Weakness limited to two areas, profits and margins hit
First, Danaher's management was keen to point out that the weakness was limited to two specific areas. Communications revenue within its test and measurement segment was down at a "low double-digit" rate, which the company linked to delays in spending by wireless carriers. Indeed, rival Agilent (NYSE: A ) also reported a 6% fall in its communications revenue. The other difficult area came in the dental segment, which recorded "weak consumable sales," possibly due to bad weather earlier in the year. Unfortunately, according to Danaher CEO Larry Culp, both products tend to be "high-margin variables", and their underperformance hit operating profits within the test and measurement and dental segments.
Second, the impact of these two weak products hurt margins, but elsewhere Danaher achieved good growth in core margins. The following chart illustrates how segmental operating profit margins (measured in basis points, with 100 points equal to 1%) grew handsomely in three of five segments.
Good cash flow trends, bullish on acquisitions
Danaher has long been noted for its strong cash generation, which is often uses to make earnings-enhancing acquisitions -- a good example being the $6.8 billion acquisition of Beckman Coulter in 2011.
Management would like investors to know two things in this regard. First, while free cash flow was flat compared to the first six months of last year, the quarterly trend is upward. Per CFO Dan Comas on the earnings conference call: "[I]t's trending well and generated almost $850 million of cash in the quarter versus less than $400 million in the first quarter. I expect that positive trend to continue."
In fact, Danaher generated $2.97 billion in free cash flow in the last four quarters, representing nearly 5.7% of its enterprise value. A company's enterprise value (market cap plus debt) equates to what a potential acquirer would actually pay for the company, and free-cash flow is de-facto the return on their investment. A yield of 5.7% is attractive, as it it's significantly above the interest rate that an acquirer could get on its money. .
Second, Culp was keen to outline an intent to pursue acquisitions: "[W]e remain confident in our ability to deploy our more than $8 billion of M&A capacity." So, even though its forecast for core revenue growth is only 2%-4% for the full year, investors can expect management to use its strong cash flow generation to make earnings-enhancing acquisitions. In other words, growth could receive a boost in the future thanks to the company's strong cash flow generation.
The final takeaway from management's commentary is a certain sense of caution. Core revenue grew at 3% in the second quarter, following a 3.5% increase in the previous quarter, but management maintained the 2%-4% full-year target. Moreover, the weakness in the communications branch of the test and measurement segment is expected to continue. Culp's commentary on the issue: " [O]ur network monitoring business was adversely affected by delays in wireless carrier spending, which we now believe will also result in negative growth for the platform for the rest of the year."

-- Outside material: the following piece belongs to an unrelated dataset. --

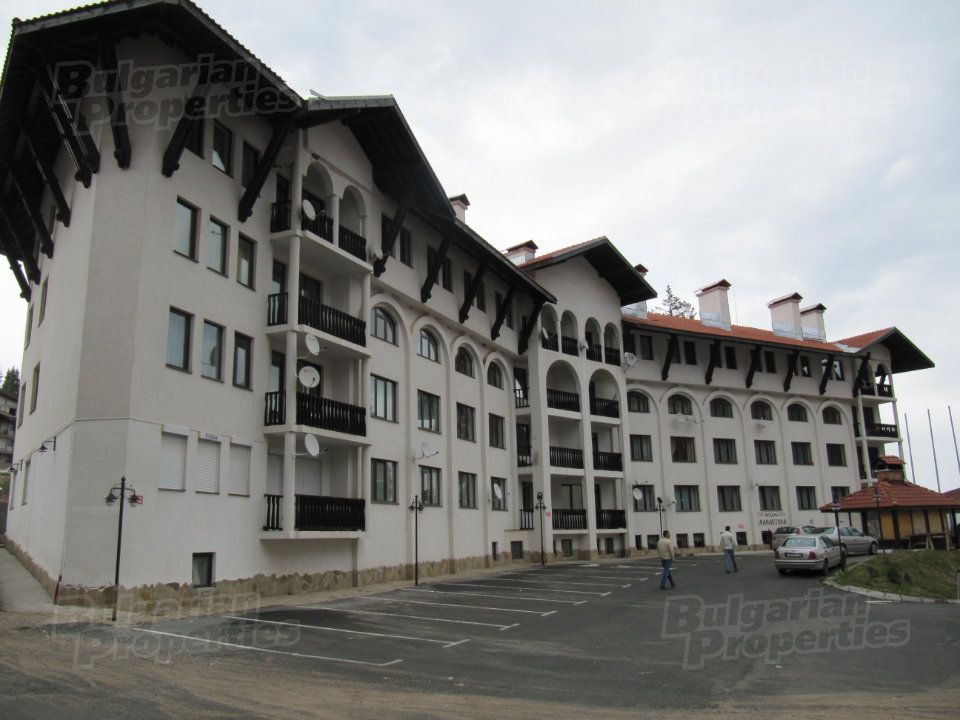 Апартаменты в Пампорово, Болгария, 55 м2 - фото 1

Furthermore, management described the overall growth environment as being "modest," with Western Europe growth coming in slightly below expectations in the second quarter. Looking ahead, the third-quarter guidance is for "core growth to be comparable with the growth rate in the first half." In a nutshell, Danaher's CEO is not telling you to expect great things in the coming quarters.
There were a couple weak spots in the earnings report. Dental consumables sales might well come back in future quarters, but communications looks likely to remain weak throughout the year. If you can forgive these two issues, then you could argue that Danaher's management is doing a pretty good job of increasing core margins across its segments while it waits for a better growth environment.
In addition, the guidance is cautious -- possibly creating some possibility for upside surprise -- and management has the free cash flow and will to make growth-enhancing acquisitions in the future. Given its acquisition history, you shouldn't be surprised if it does so.